Louis fit la queue pendant une heure au bureau d’information pour tenter d’en savoir un peu plus sur le vol d’Amanda. Assaillis de toutes parts, les personnes aux guichets, complètement perdues, ne savaient où donner de la tête. Finalement, il avisa une employée de l’aéroport qui passait par là. Il l’interpella et lui demanda où arrivaient les avions en provenance d’Anchorage. « Monsieur, en raison de tempêtes exceptionnelles, tout le trafic transatlantique est détourné sur l’Alaska », répondit-elle. « Quand les vols ne sont pas annulés, les retards sont monstrueux. Les vols arrivent dans tous les aérogares. C’est la panique ! Il faut donc vous armer de patience. »

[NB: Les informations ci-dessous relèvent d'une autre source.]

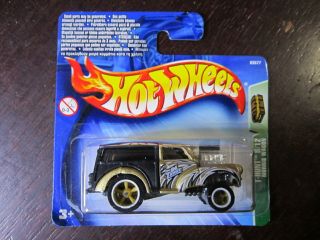 Hot Wheels Treasure Hunt Morris Wagon T - Hunt 2004 Short Card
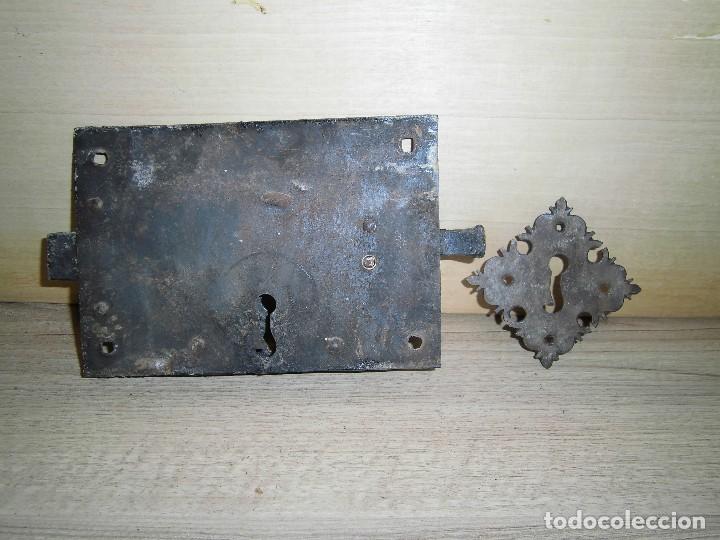 Antig&uuml;edades: 2 cerraduras antiguas de forja - Foto 2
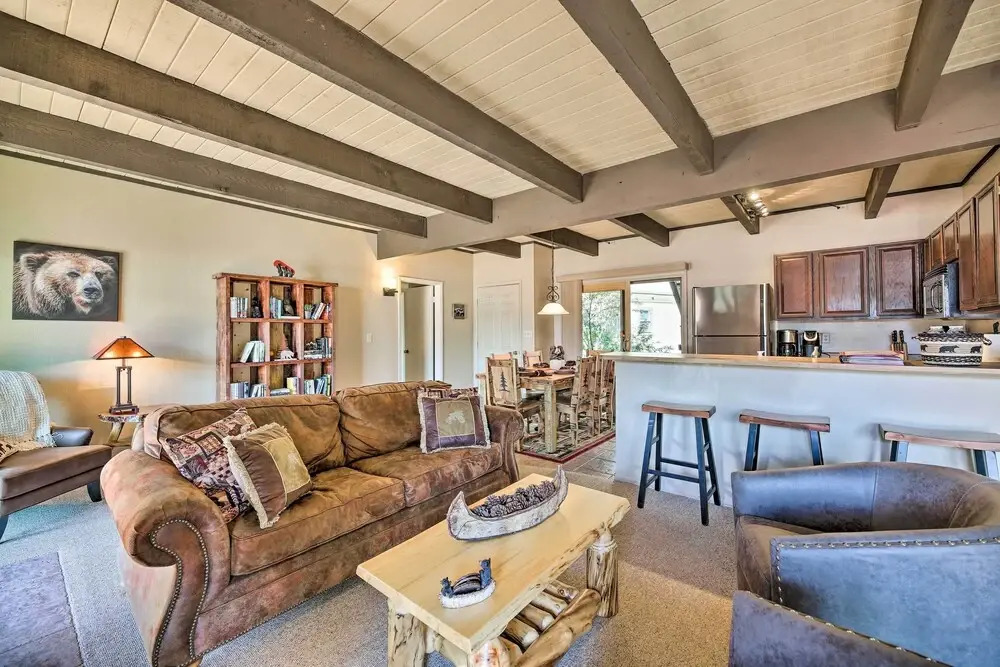 Patio & Fireplace: Country Club Pinetop Condo!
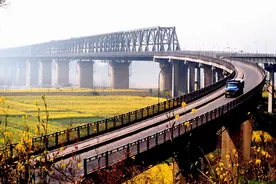 湖北第二座长江大桥，建成已经50年，重建还是改建尚无定论图片
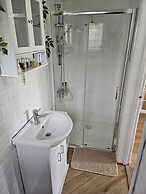 Dunmow 1-bed Cabin, Sleeps 4, 10 Mins to Stansted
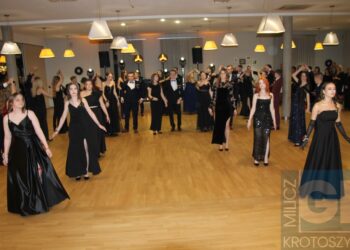 Studniówka ZSP w Koźminie Wlkp. Poloneza czas zacząć!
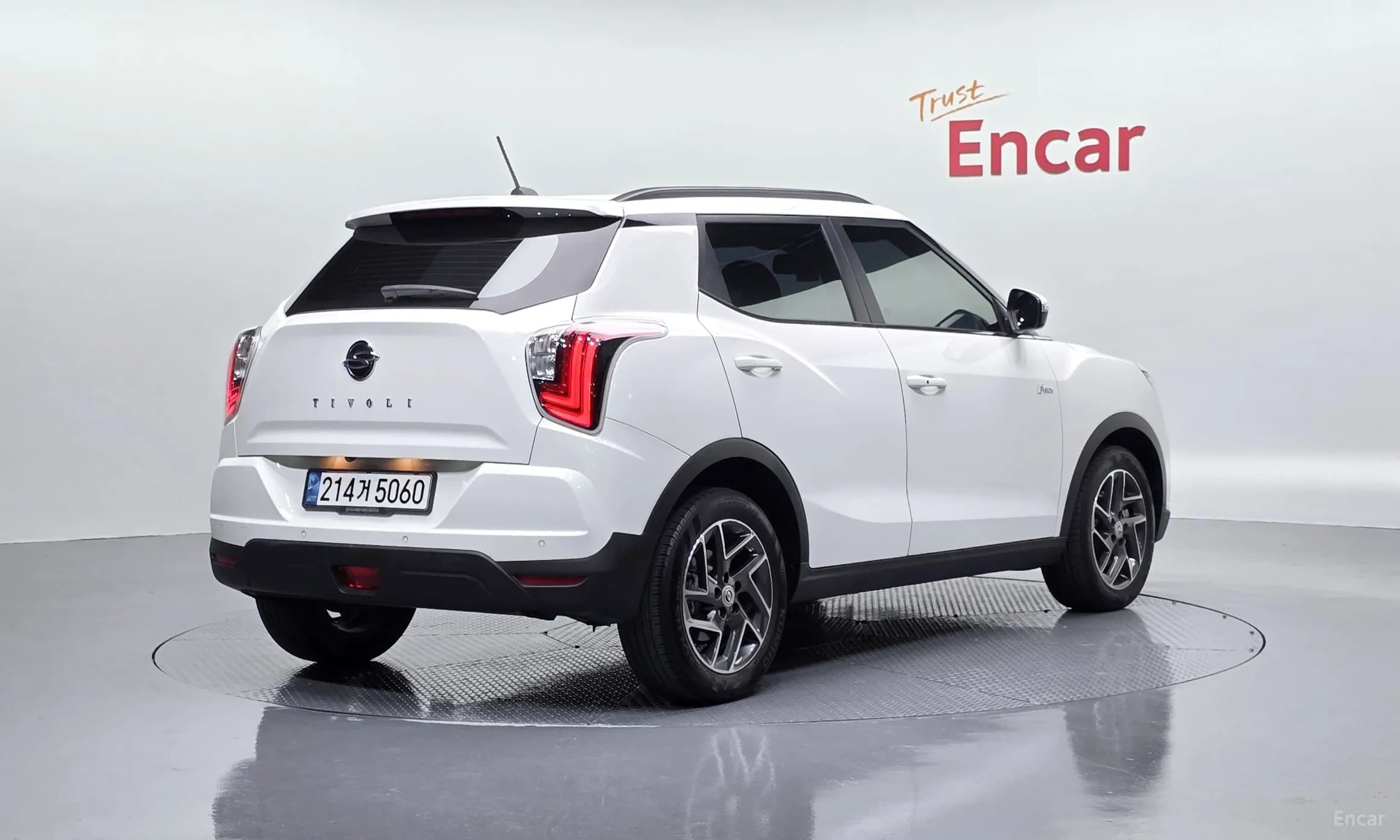 Berry New Tivoli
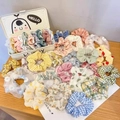 Lot de chouchous vintage à carreaux et fleurs avec dentelle sur table en bois - Chouchou Aléatoire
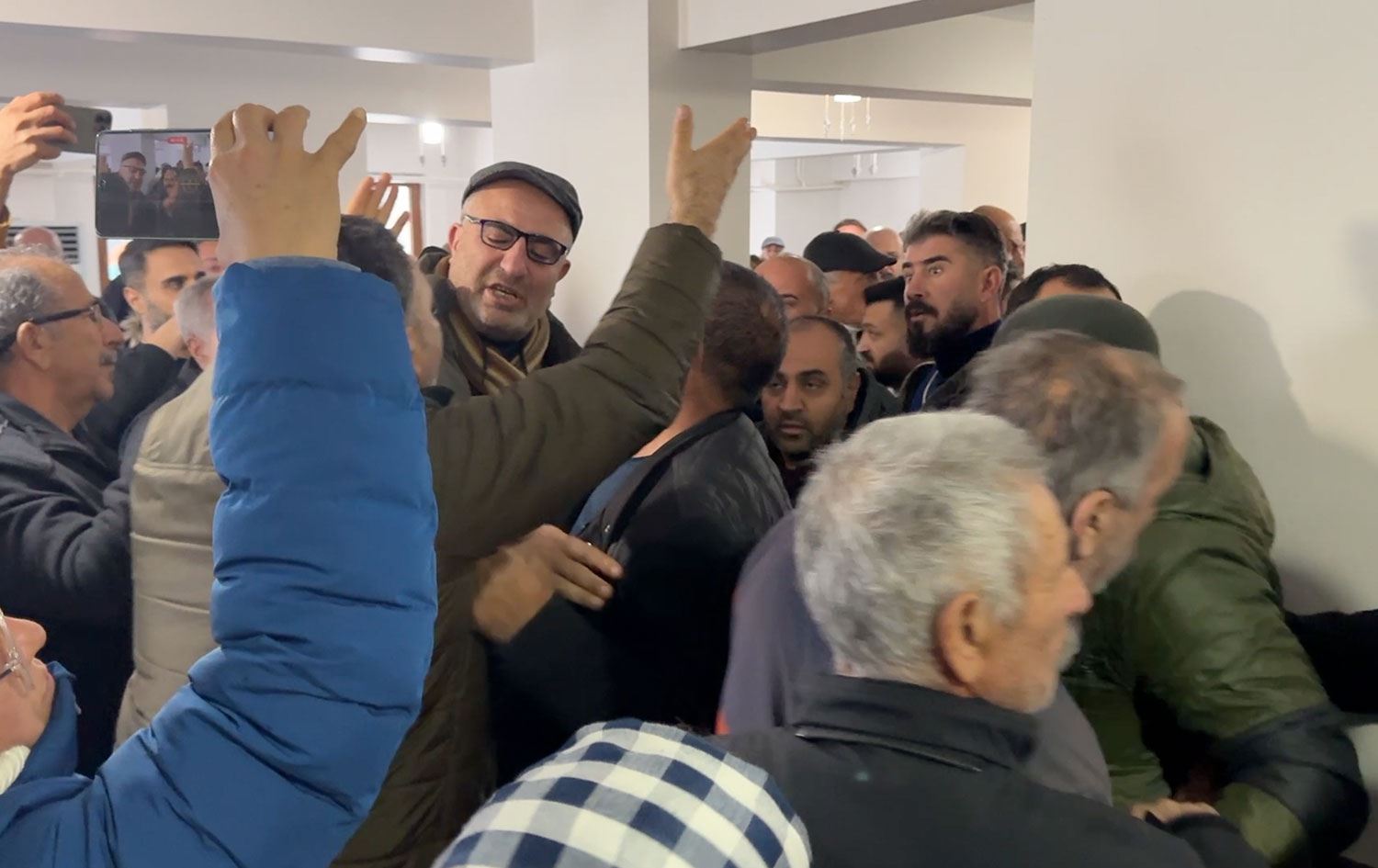 Genel Kurulda gerginlik çıktı. / Foto: Ali Haydar Gözlü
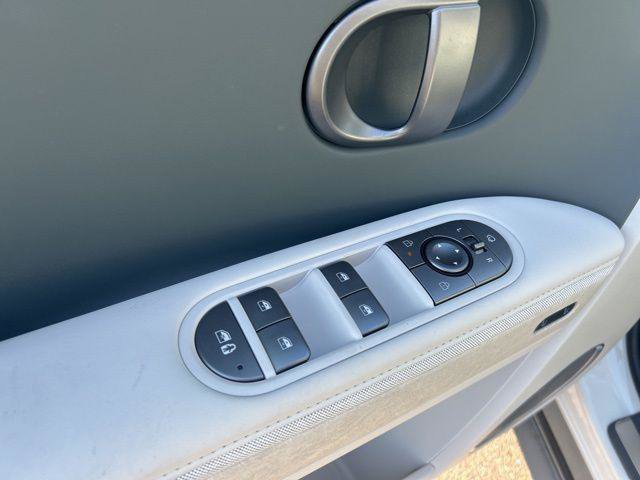 New 2026 Hyundai Ioniq 5 Limited image 13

Louis erra d’un tableau lumineux à l’autre pour tenter d’en apprendre un peu plus. Mais aucun vol venu d’Alaska n’était annoncé pour les heures à venir. Il était fatigué et complètement découragé…
Il avisa un siège libre. Il s’y assit pesamment pour réfléchir. Il était parti très vite, sans réfléchir, sans amener à boire et à manger. Mais il n’avait ni faim ni soif. Il n’avait envie de rien. Sa conscience semblait emprisonnée par une asubstance cotonneuse. Il était un peu comme déconnecté de la réalité alentour. Presque comme si sa vie passée n’avait pas existé… Il finit par s’endormir. Il rêva de terribles éruptions volcaniques qui provoquaient d’effroyables tempêtes, de vagues qui montaient jusqu’au ciel, de vents qui arrachaient tout sur leur passage. L’instant d’après, il entendait Amanda qui l’appelait au secours sans qu’il sache d’où venaient ses appels désespérés…

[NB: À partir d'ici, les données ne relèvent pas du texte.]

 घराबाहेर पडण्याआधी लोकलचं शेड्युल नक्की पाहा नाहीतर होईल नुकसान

Il se réveilla en sueur. Maintenant, il n’y avait presque plus personne dans l’aérogare. La lueur blafarde d’une aube hivernale, triste et froide, arrivait jusqu’à lui par les baies vitrées du terminal. De temps à autre, un haut-parleur faisait une annonce pour un passager. Sur le panneau en face de lui, un seul message annonçait : « Le trafic aérien est momentanément interrompu en raison de la situation météo. Nous ne manquerons de vous donner des informations dès que la situation évoluera. »

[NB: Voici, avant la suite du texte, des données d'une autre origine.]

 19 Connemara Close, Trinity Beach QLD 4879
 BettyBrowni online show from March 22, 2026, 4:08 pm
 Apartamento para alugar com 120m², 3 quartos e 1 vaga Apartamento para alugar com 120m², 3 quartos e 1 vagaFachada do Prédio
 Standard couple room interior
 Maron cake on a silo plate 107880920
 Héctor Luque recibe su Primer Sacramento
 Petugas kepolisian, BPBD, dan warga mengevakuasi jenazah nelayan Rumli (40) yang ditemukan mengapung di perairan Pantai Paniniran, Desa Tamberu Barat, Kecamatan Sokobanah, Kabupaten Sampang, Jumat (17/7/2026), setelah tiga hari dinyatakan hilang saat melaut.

Louis était complètement décontenancé. Fallait-il qu’il reste ? Etait-il préférable qu’il rentre chez lui ? Complètement hagard, il vit arriver de très loin un chariot qui avançait lentement. Il se retourna vers le panneau d’information pour voir si l’on n’annonçait pas de nouvelles arrivées. Il ne remarqua pas que quelqu’un avait poussé un cri strident. Le cri se rapprocha avec le chariot. Et alors, il entendit : « Loui.iiiis ! Loui.iiiiis ! ». Il crut qu’il se trompait. « Je suis là, tourne juste la tête, Louis !» Ce qu’il fit. Et crut défaillir. Ce visage lui disait quelque chose. Et peu à peu, il se reconstitua dans sa tête. Il en avait rêvé des milliers de fois. Il n’en crut pas ses yeux : c’était elle ! Il se leva, interdit, pour la serrer dans ses bras.